Learning to play pickleball is as easy as 1, 2, 3!
Welcome to sport of pickleball! I’m excited for you, specifically the journey you’re about to undertake. The steps on your journey to learn pickleball are easy to do but challenging to master. Like many other sports, there are many layers and nuances when it comes to excelling at every aspect of the game. But unlike many other sports, you’ll be able to learn pickleball well enough to play with others and sustain rallies very quickly (15-20 minutes in many cases!)
To do this, you need to know the following three things:
- How to keep score
- Where to be on the court
- What is the kitchen?
Other articles on the site will go into more detail for specific aspects of the game, but understanding these three areas will provide you with the foundation needed to get out on the court, play the game, and have a great time! Let’s cover each one in order.
How to keep score
The majority of pickleball is played as doubles teams (you and your partner against two opponents) so let’s start there. In pickleball doubles, the score consists of three numbers (such as 1-3-1 or 5-2-2). Pickleball scoring may look a little non-conventional the first time, but will become more natural after you play your first game or two.
- The first number is the score of the team who is currently serving and will be a number from 0 to 11 for most games (but can be 15 for some tournaments). You must win by 2 points (or more) and matches are typically played best 2 out of 3 games.
- The second number is the receiving team’s score and will also be a number from 0 to 11 (or 15 for some tournaments).
- The last number is the current server number and always be a 1 or a 2. Each team will have a 1st server and a second server. Singles scoring doesn’t use the 3rd number, so singles scores will look like 4-2, 3-0, etc.
Points can only be scored by the serving side. Teams will change sides after each game and ,if a deciding third game is played, players will switch sides after one team reaches 6 points.
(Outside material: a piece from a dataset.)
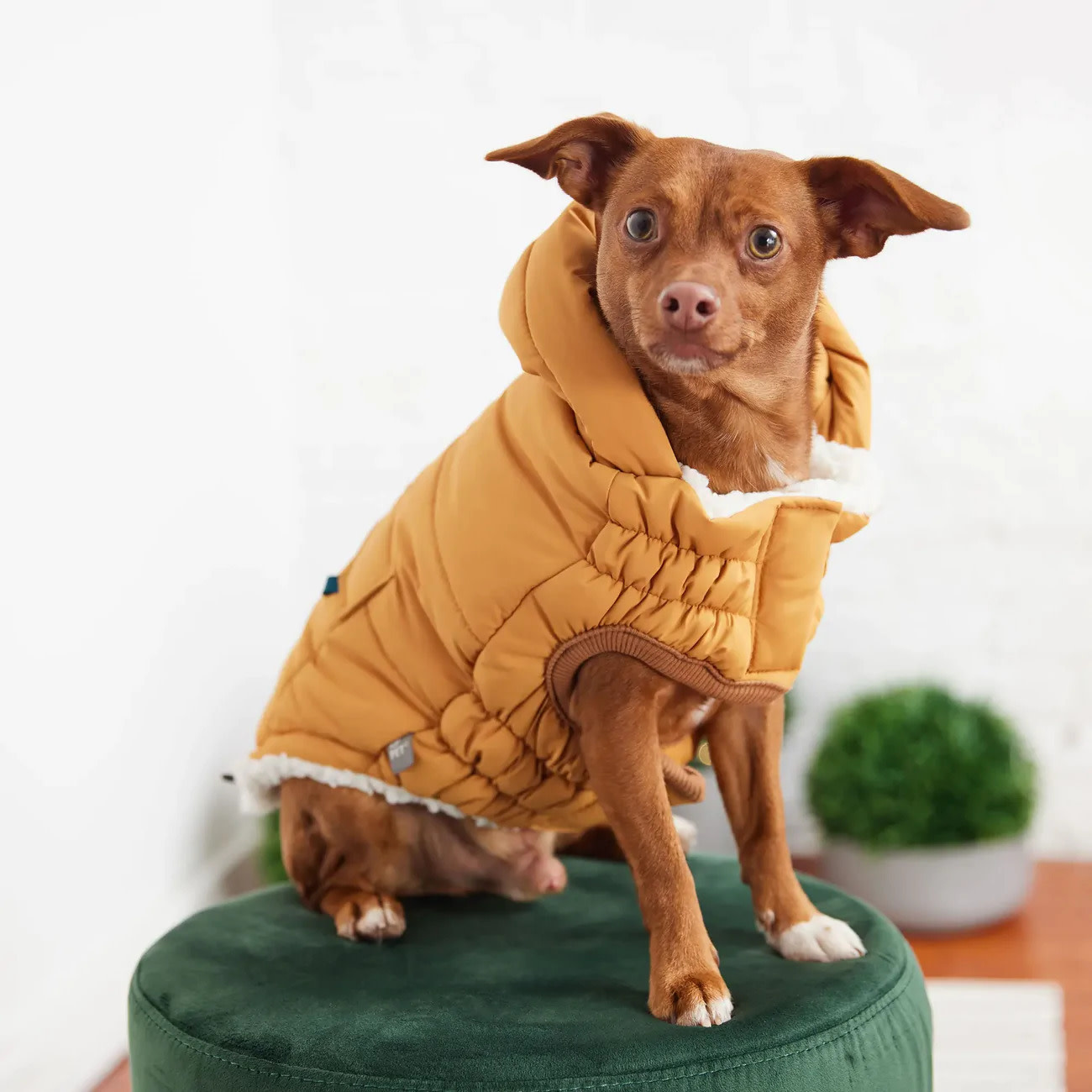 GF Pet GF Pet Super Puff Parka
They will then remain there until the end of the game.
Two things to mention here:
- The ball is served by both players on a side who must lose their serve before their opponents become the serving team.
- The only exception to this is when the game starts. Once the person serving to start the game loses their serve, their opponents become the serving team. This continues from then on with both players on each side having to lose their serve before the opponent gets to serve again. Because of this, the score ends in a ‘2’ instead of a ‘1’ as you might expect.
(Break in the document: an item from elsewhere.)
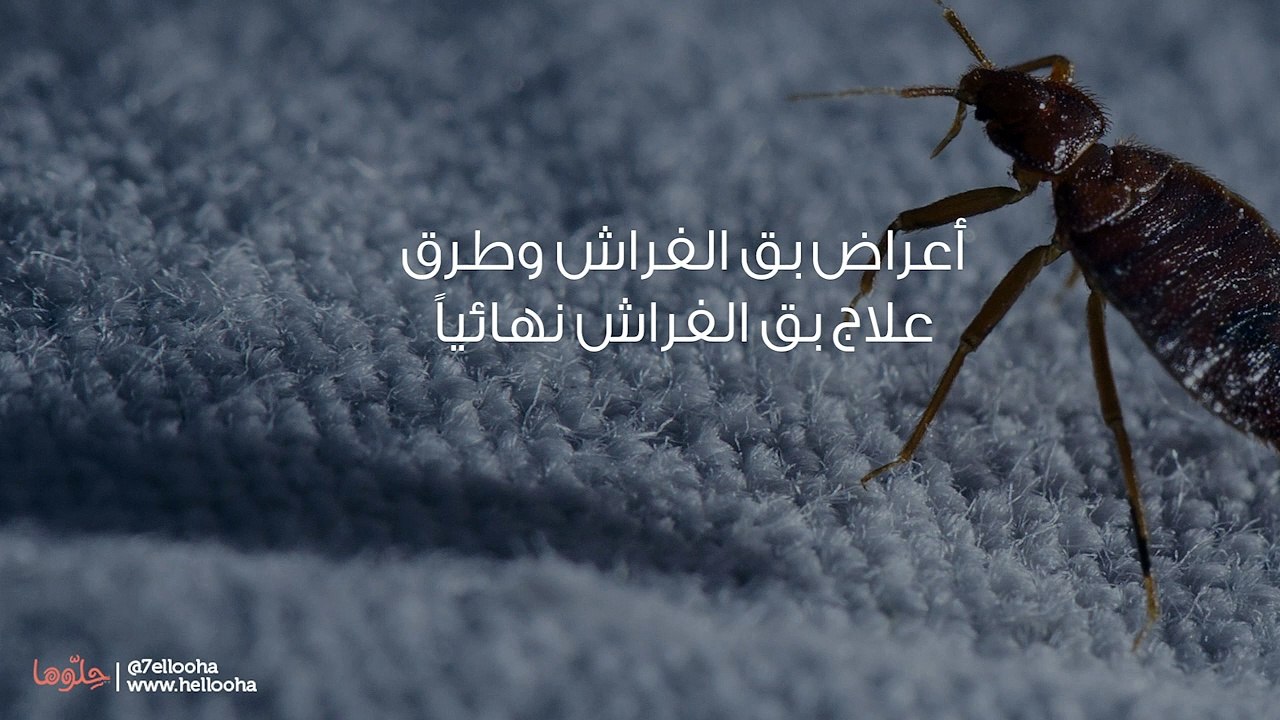 أعراض بق الفراش وطرق علاج بق الفراش نهائياً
Let’s have a fictional match with me (Trey) and my partner (Paige) against a team of Jack and Jill. Original, I know ;-). Jack and I are the 2nd servers on our teams while Paige and Jill are the 1st servers. Paige and I are serving first to start the game and the score is 0-0-2.
Paige hits a good serve to start the game. We rally back and forth with the other team and then they hit the ball into the net. Because we are serving, we win the point and the score is now 1-0-2 (one point for us, no points for our opponents, and Paige is serving.
Another way to think of the ‘2’ at the end of the score is that if the serving team loses the point, it will switch over to the other team to serve. Whereas if it’s a ‘1’ at the end of the score, and if the serving team loses the point, the server’s partner becomes the new server. The serve stays with them.
Now, with the score 1-0-2, Paige serves again and we win the next point as well to make the score 2-0-2. On Paige’s next serve, we lose the point. The serve now switches over to our opponents (Jack & Jill) with the score 0-2-1 [The serving team has 0 points, Paige and I have 2 points, and the 1st server (Jill) is serving.]
Jill serves but hits the ball into the net, committing a fault. The score now becomes 0-2-2. Note that the points haven’t changed (it’s still 0 points to 2 points). The last number is now a 2 to indicate that the second server on the team is now serving. If Jack and Jill now win a point (with Jack serving) the score becomes 1-2-2.
Where to be on the court
This is another key element as you learn pickleball, and goes hand-in-hand with understanding the strategy. When you are serving, both you and your partner will be standing behind the baseline. Due to the two-bounce rule, you both should remain there until you hit your third shot.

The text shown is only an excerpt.